Él se erigió en una especie de tutor para el hoy futbolista del Real Madrid, que arribó al Sporting de Lisboa en 1996, con apenas once años de edad, gracias a "un cúmulo de casualidades".

El madeirense aterrizó en la capital lusa para hacer unas pruebas tras pasar por las filas del Nacional, que ofreció su pase al Sporting de Lisboa a cambio de saldar una deuda de 25.000 euros entre ambos clubes.

Pereira recuerda como entonces defendió la operación frente a los gestores financieros y los asesores jurídicos del equipo, impresionado por sus características técnicas y su personalidad.

"La velocidad con la que ejecutaba, el hecho de que rematara con las dos piernas, la técnica que mostraba con el balón en los pies y la confianza que despertaba entre sus compañeros para que le pasaran la pelota" son algunas de las características que en su opinión todavía hoy perduran en Ronaldo.

Aunque admite que en 1996 no podía "ni llegar a imaginar" lo que vendría después, subraya que desde en un primer momento "se notaba que estábamos hablando de alguien diferente".

El que fuera entonces su tutor lo define como un jugador completo, al que distinguía del resto no sólo su talento nato, sino también su esfuerzo y trabajo.

"El talento no lo es todo, muchos no tenían la dedicación que tiene Cristiano. Ya entonces siempre se quedaba un poco más en los entrenamientos o en el gimnasio para mejorar", explica.

"La confianza -subraya- era ya una de sus principales cualidades. Enseguida se hizo un hombre, creció muy rápidamente en términos de madurez".

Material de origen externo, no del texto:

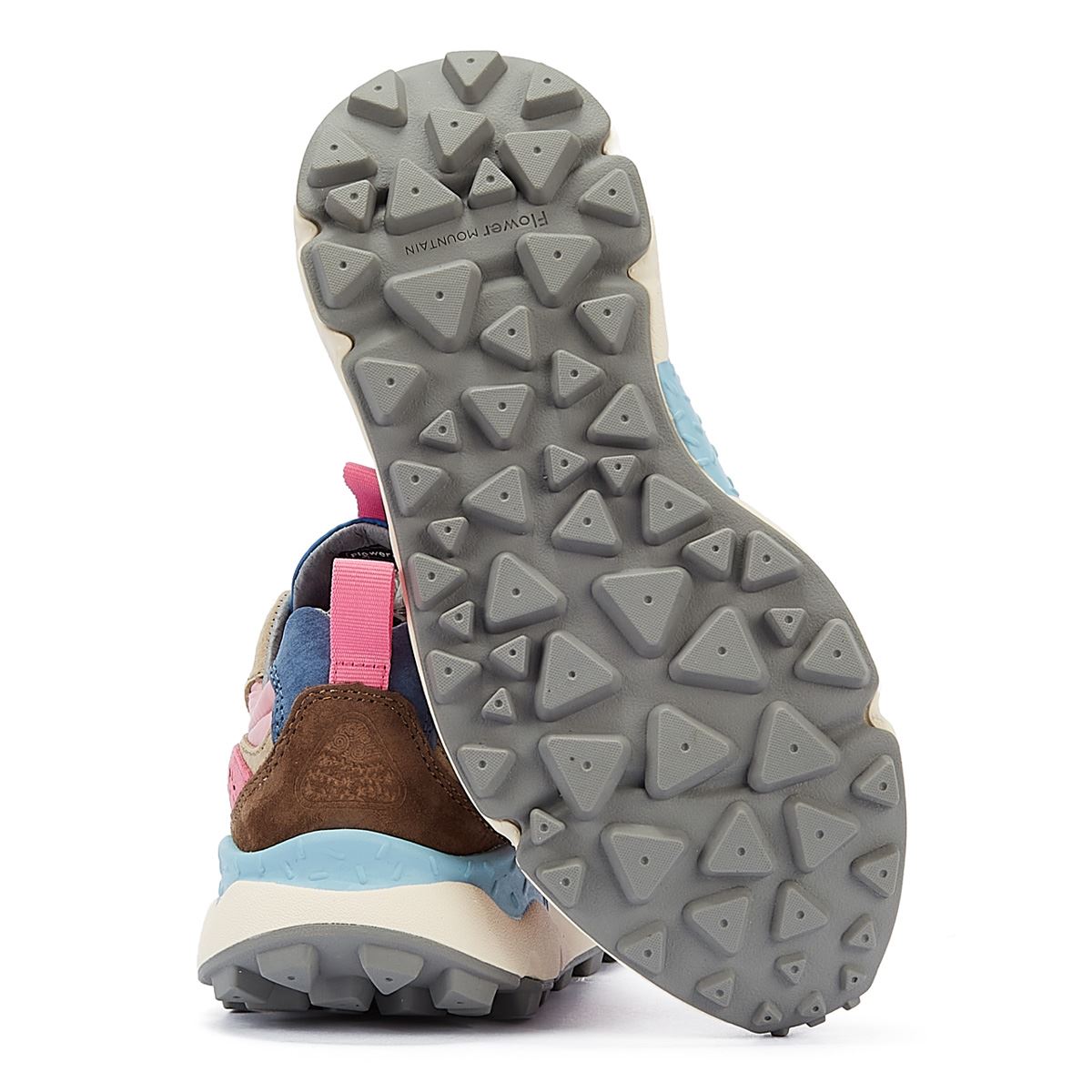 Flower Mountain Yamano 3 Baskets En Daim Rose/Beige Pour Femmes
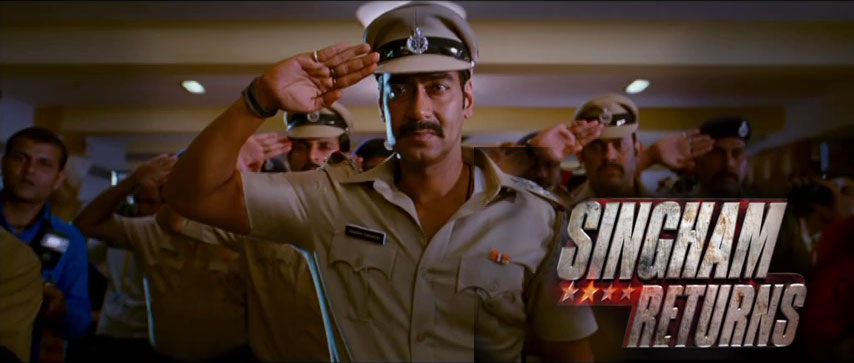 Singham Returns landscape poster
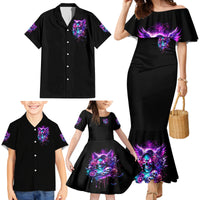Fairy Skull Family Matching Mermaid Dress and Hawaiian Shirt The Good Girl In Me Got Tired Of The Bullshit - Wonder Print Shop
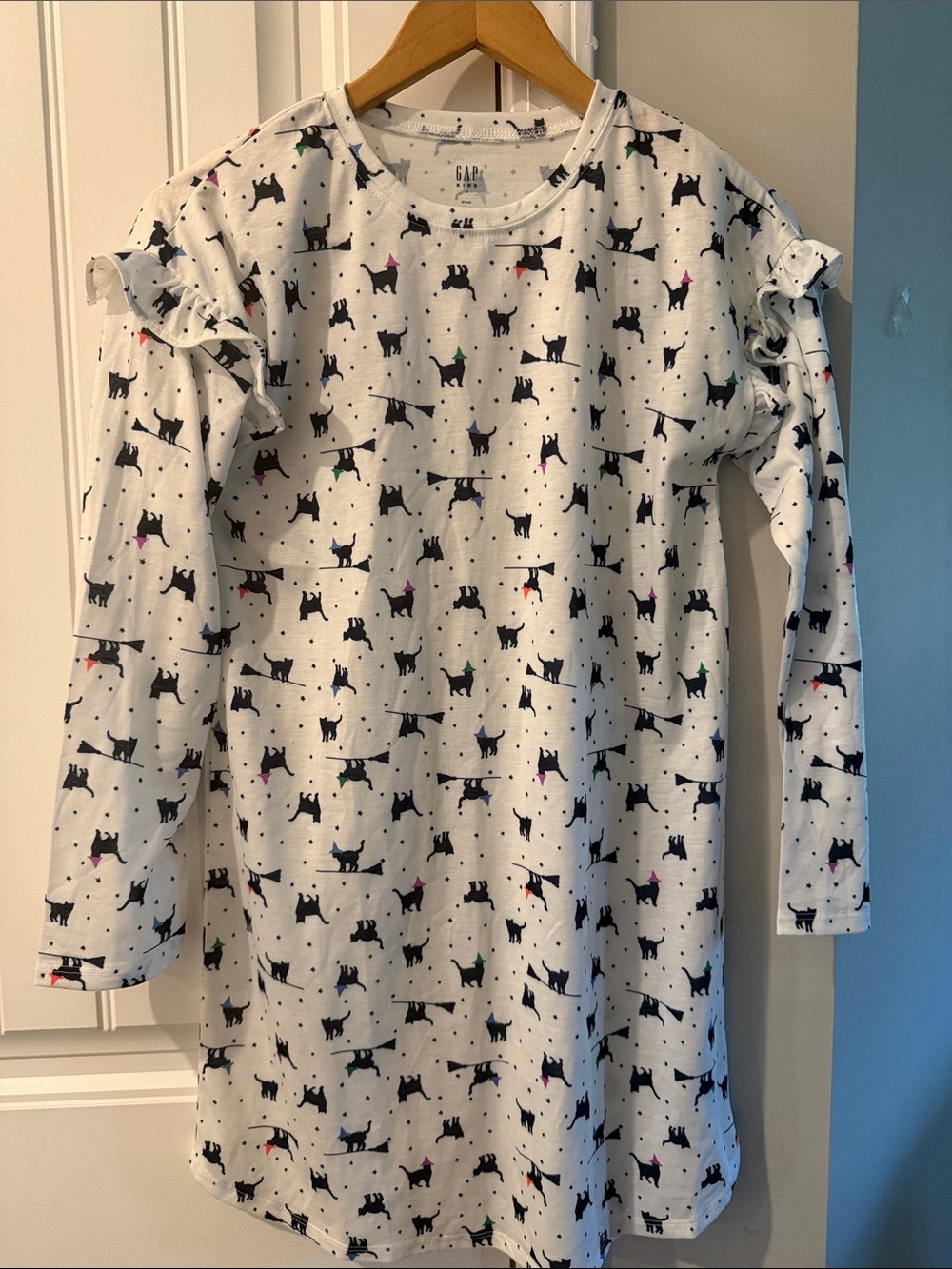 Gap Kids Black Cats on Broomstick Nite gown New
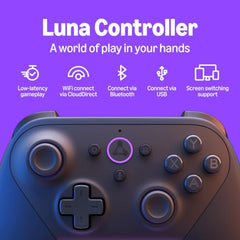 Amazon Official Luna Wireless Controller USB-C port for wired PC or Mac play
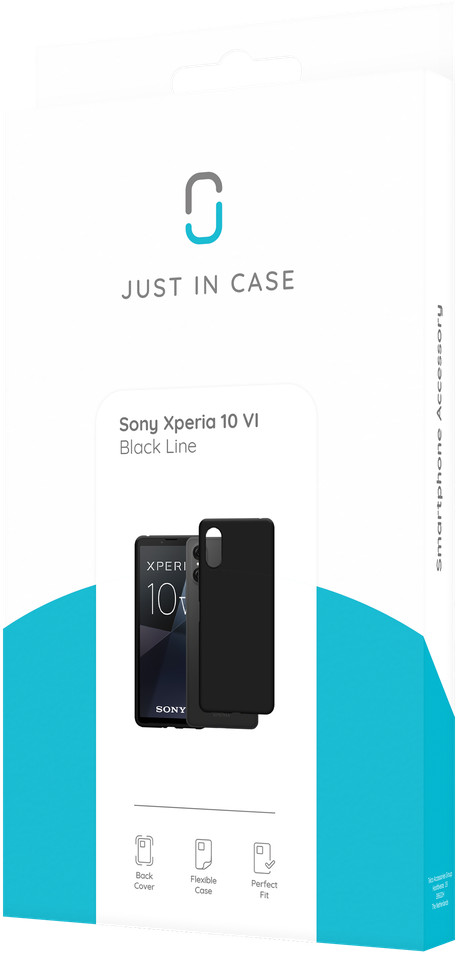Just in Case Soft Design Sony Xperia 10 VI Back Cover Zwart verpakking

De orígenes humildes, la familia fue una de las claves en su carrera, en opinión de Pereira, quien recuerda que su madre "apoyó" su traslado a Lisboa -donde vivió solo con otros veinte compañeros de las categorías inferiores del Sporting- debido en parte a su condición de aficionada de los "leones".

"Su madre siempre apoyó el sueño de Ronaldo de volverse futbolista profesional", asevera.

Todas estas "coincidencias" llevaron a Cristiano al equipo verdiblanco, que en los últimos veinte años se ha especializado en lanzar a algunos de los mejores extremos del mundo, como en su época lo fueron Luís Figo o Paulo Futre.

En sólo una temporada y con 17 años, Ronaldo ya mostró su calidad en el primer equipo del Sporting, donde únicamente consiguieron disfrutarlo esa campaña, la 2002-2003. El Manchester United pagó 17,5 millones de euros y al servicio de los "red devils" comenzó una meteórica carrera que sigue con orgullo Aurélio Pereira, su primer valedor y que no ve límites para su "pupilo".